なかでも、ひそかに会場内で注目されたのが「モンゴルヒップホップPVコーナー」という一画である。そこは、モンゴル人気ラッパーによる14本のミュージックビデオがエンドレスで流される暗室のスペースだった。
モンゴル語はラップ向き
コーナーの入口には、以下のように書かれてあった。<ヒップホップがざわめく街、ウランバートル
首都ウランバートルで人気ラッパーたちがライブを行うものなら、1万人以上のスタジアムをうめつくす。人口330万人の国なのに、ヒップホップの曲が、YouTube動画再生回数で100万回を超えることもめずらしくない。なかには再生1000万回超えの曲もある。
それには理由がある。そもそもモンゴル語は子音が多いラップ向きの言語だといえる。さらに複雑な韻踏みをする口承文芸の伝統があった。
ただしヒップホップ・カルチャーがざわめくには、文化背景だけでなく、貧富の差などの社会問題が前景化していることも意味している。モンゴルのラッパーたちは、鋭い批判精神で貧富の格差や政治の腐敗をえぐり出す。彼らのさけび声に耳をかたむけてみよう>
また、流されている最初のビデオは「トーノト~天窓の下で暮らす者たち」(2018年)という作品で、館内に置かれていた解説には次のようにあった。

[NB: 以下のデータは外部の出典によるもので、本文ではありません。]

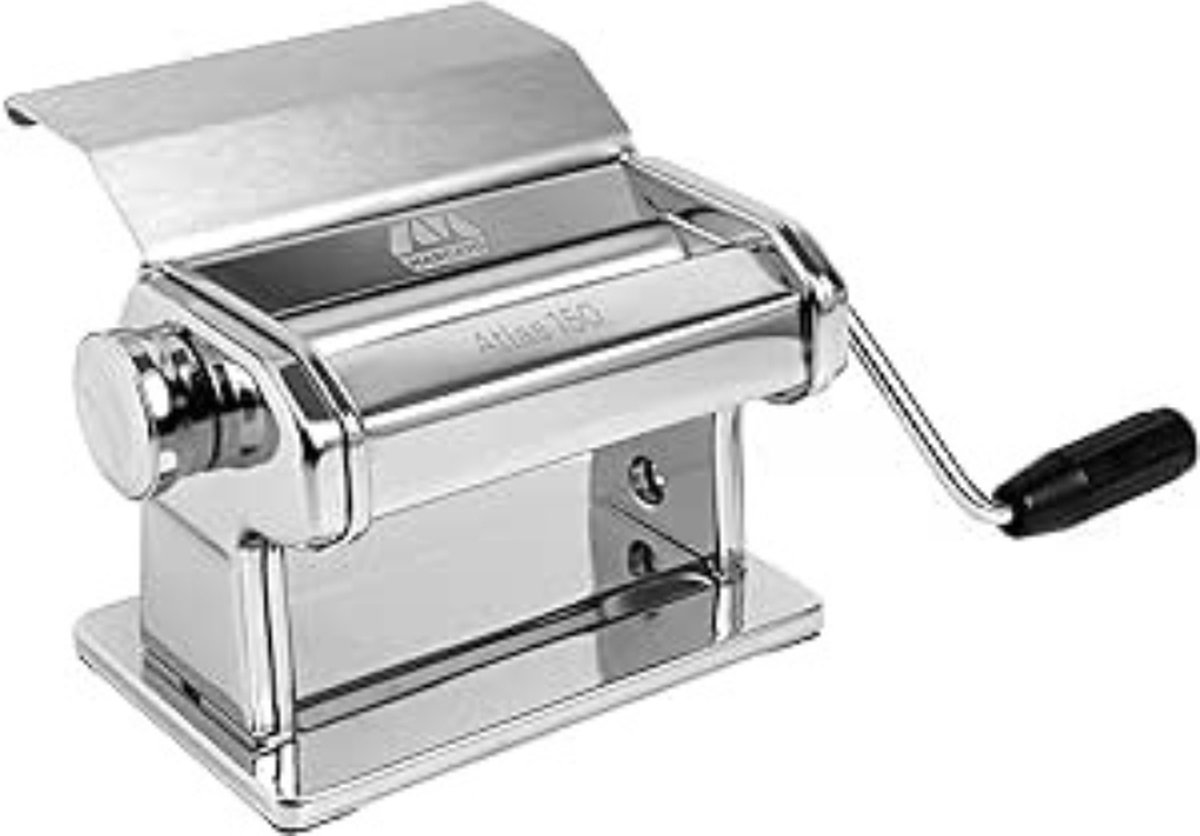Pastamachine - Verchroomd Stalen Constructie - Geschikt voor Lasagne en Bakkerij - Compatibel met 12 Extra Maten - Authentiek Italiaans Ontwerp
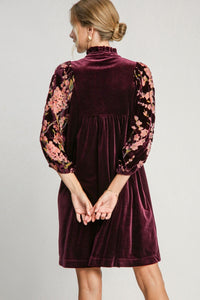 Umgee Velvet Mini Dress with Floral Print Burnout Sleeves in Plum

<モンゴル、中国内モンゴル、ロシア・ブリヤート共和国に分断された『モンゴル人』のラッパーたちが集まって歌った、壮大なエスノラップ曲。
『トーノト(Toonot)』とは、『ゲルの天窓(トーノ)の下で暮らす者たち』という意味。つまり、国境を隔てても遊牧民だったことを忘れずにいよう。
雄大なゴビ砂漠のパノラマを背景に民族衣装を着た女性のオルティンドー(モンゴルの伝統的歌唱法で歌われる民謡)で始まる。
そしてラップのパートへ。一番手のラッパー、ミトゥーネは『荒ぶるモンゴル人の子の胸に音の調べと詩を送ってきたのさ。主なる大ハーン、チンギスの詔と共に、聖なる雪山に捧げものと共に、誇り高き凄ざましい歴史を後世の俺たちに残してくれたんだ』と叫ぶ>
この解説は、今回のモンゴル展を企画した島村一平国立民族学博物館教授によるもので、著書の「ヒップホップ・モンゴリア―韻がつむぐ人類学」(青土社刊)でも、この曲は紹介されている。